The main part of the modern art collection are the works of art made by Polish artists in France. That kind of collection character was determined by a marvellous gift, which was donated by Franciszek Prochaska (1891-1972) to the Historical Museum in Sanok.
The artist, who came from Sanok, after short studies in The Academy of Fine Arts in Cracow under the supervision of Józef Pankiewicz and participation in the First World War in Józef Piłsudski’s legions, moved to France as a military attache in 1920. Józef Pankiewicz had a basic influence on Franciszek Prochaska, when we talk about forming his painting in the convention of painting in which the colour is decisive (the colourists’ painting). Apart from the painting, Prochaska was also interested in graphics, like: woodcut, cooperplate and etching.
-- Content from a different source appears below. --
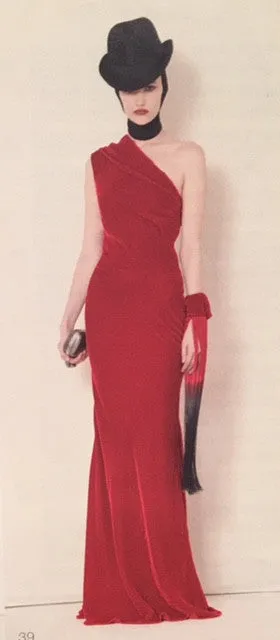 Original Alexander McQueen - Red Long Velvet Grecian Gown with Arm Tassel - IT 40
After the Second World War he opened a small printing house with a handy-fold up type and he published books with a beautiful structure and in small bibliophile editions, which generally were ilustrated by his own graphics. His art room in Rue Campagne Premiere on Montparnasse in Paris was visisted by many artists from the so-called Polish “colony”, which comprises the artists who were permanently connected with France. He was also visited by young people, who had visited the world capital of art. Józef Pankiewicz, Jan Wacław Zawadowski (1891-1982), Ludwik Lille (1897-1957) were the artists who were in the circle of his close friends. Some of the exhibits he gifted to the National Museum in Warsaw, and some of them he donated the Historical Museum in Sanok in 1963.